Lately, it seems like the Mariners lose just about every tight game they find themselves in. I mean, who didn’t see the curtain coming down just a bit after Oliver Perez gave up that two-out single in the ninth? Come on, I’m sure some of you thought that Adam Rosales flyball to right was going to get caught up in a wind gust and blow clear over the wall.
But that didn’t happen.
The Mariners actually won a close game, 3-2, against the Oakland Athletics. This one was pretty big if the Mariners can now finish what they started here. They have to now follow up and win the next two starts by Felix Hernandez and Hisashi Iwakuma.
First, they need both guys to pitch to the utmost of their capabilities. Then, they need the offense to come through.
The Mariners didn’t always do that here tonight. But they did it just enough. How big was that takeout slide at second by Kyle Seager to prolong the eighth inning and allow Raul Ibanez to cash-in the RBI single?
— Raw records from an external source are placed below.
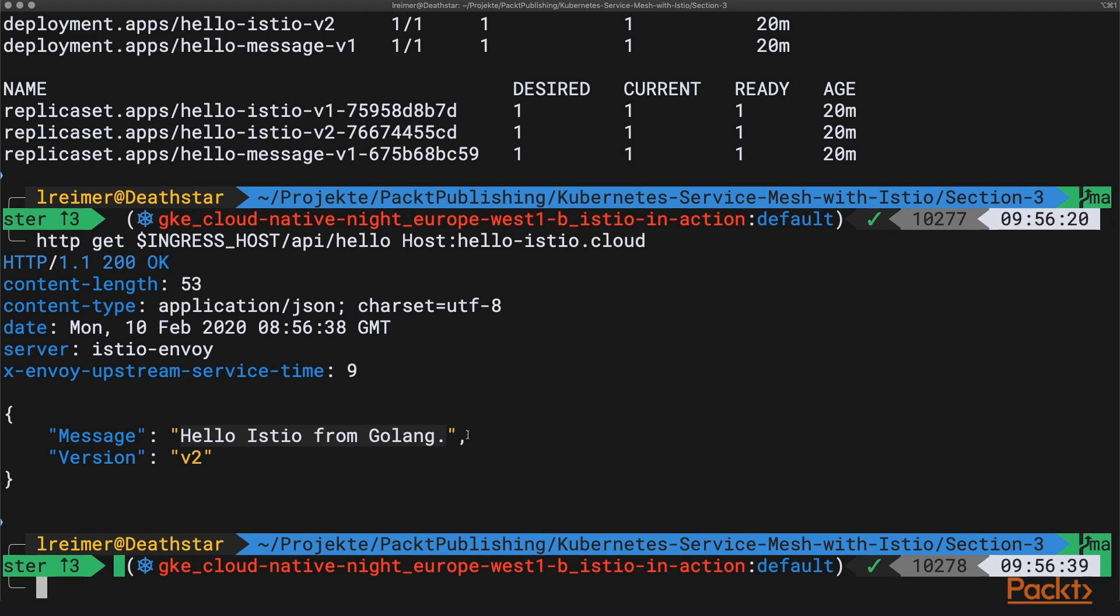The problem with this is that if there is something wrong with this Hello Message service, you will also see errors and even blocks at all our Hello Istio version 1 and version 2 services. This is what circuit breakers are for.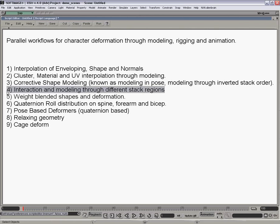So, we've got into this, this also covers the other area, number four, which is interaction and modeling through different stack regions.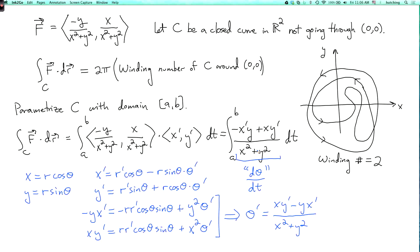So when we evaluate the integral from a to b, we get the net change in θ as t goes from a to b. If the curve goes around the origin n times, the net change in θ is 2πn. That's the basic idea of why the integral of F·dr equals 2π times the winding number.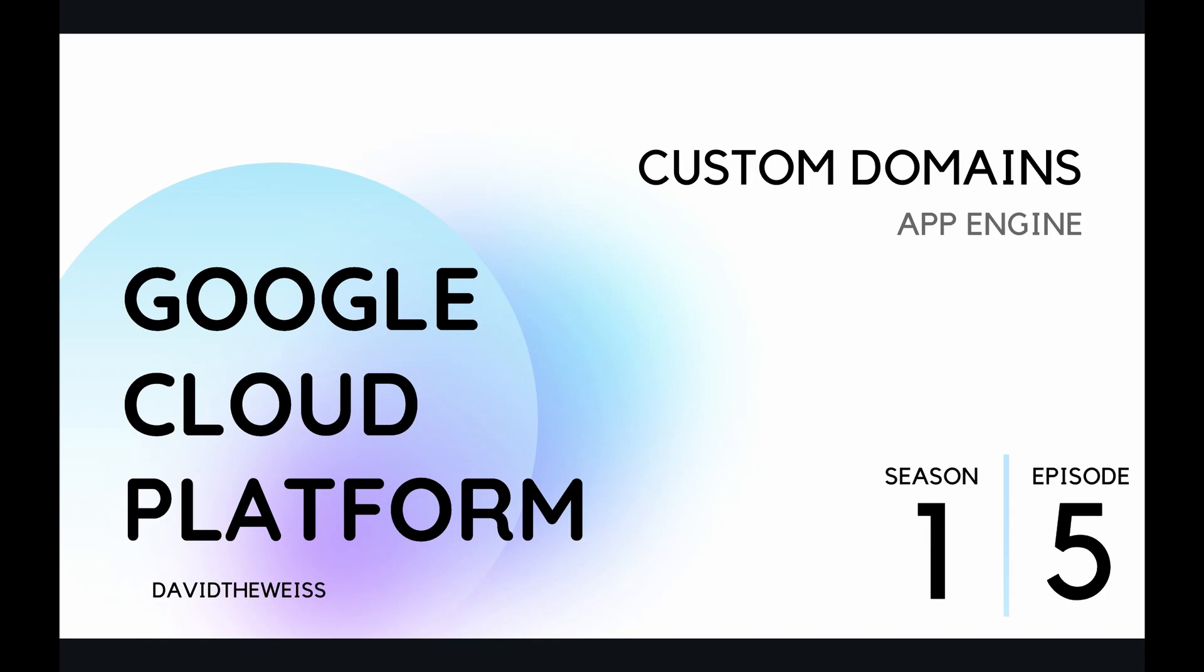Hey coders and welcome to episode 5 of our App Engine playlist on the Google Cloud Platform course. In today's episode we're going to be covering how to set up your own custom domain.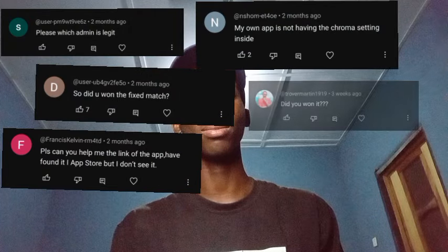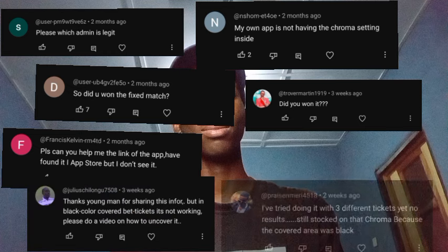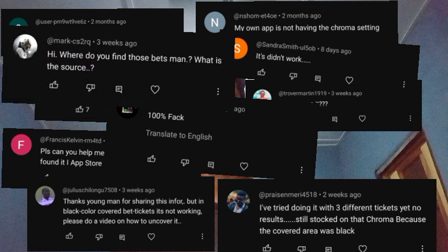Let's take a look at some of your comments, and go through some of the reasons why removing stickers from covered bet slips is not working for some people.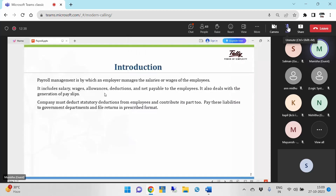We were talking about basic deductions and net payables to the employees. The basic earnings of the employees can be managed in Tally application itself. Along with that, even the statutory part can also be managed — like ESI, PF, NPS, EPS, Provident Fund — all these can be managed in Tally application, which is part of statutory contributions we'll cover in further sessions. Not only the deductions, but also the reporting and filing process will also be managed in the application itself.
That’s the second such takeout I’ve seen by Seager within the past week. The man plays hard every single game, even when he knows he’s going to be an automatic out. There’s no dogging it with him and this time it led to the winning run.
We’ve talked before about guys playing hard and how teams sometimes like to play to keep it close and look good on the scoreboard. But when you play hard — like Seager did there — there is no letting up, regardless of the score or situation. Too often, the Mariners don’t make a slide like that, an injury-hobbled Michael Morse would be thrown out by 10 feet to complete the double play and the Mariners would go on to blow the one-run lead in the eighth or ninth.
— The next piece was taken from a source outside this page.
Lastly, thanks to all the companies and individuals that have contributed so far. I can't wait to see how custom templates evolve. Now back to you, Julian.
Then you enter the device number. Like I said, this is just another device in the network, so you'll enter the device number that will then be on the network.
Tonight, they survived that one-run in the bottom of the eighth because Seager and Ibanez had helped to give them a two-run lead.
Sounds simple. But it makes all the difference. When you play hard and you play with fight, there’s a noticeable difference.
Joe Saunders brought his “A”-level game tonight and played with some passion and fight in him. It may not be as good as Hernandez’s A-game or Iwakuma’s, but it was good enough. Saunders is sick and tired of the “Safeco Joe” quips about his inability to win on the road and he looked like it out on the mound.
“That’s what was killing me early on in the season, the fact that I wasn’t being very consistent – especially on the road,’’ Saunders said. “So, it was time to step up my game a little bit…and go get ‘em.’’
He was asked how he did that.
“You work on it a little bit in the bullpen,” he said. “I’ve worked on some mechanical stuff with (pitching coach) Carl (Willis) in the bullpen and he’s been great with me in that respect. It’s just a matter of being consistent and being confident. You know you can do this. It’s just a matter of going out and doing it.”
Indeed, the Mariners seemed to just stop all the over-thinking of stuff tonight and went out and got things done.
Mike Zunino sure didn’t seem hampered by an inability to hit off-speed pitches when he drilled that 80 mph changeup over the center field wall in the seventh.
“I think it’s just pitch-selection,’’ Zunino said of his reputation for struggling with breaking balls and off-speed stuff. “I feel like I’ve always been good with breaking balls and I think it’s just getting breaking balls inside the zone to hit.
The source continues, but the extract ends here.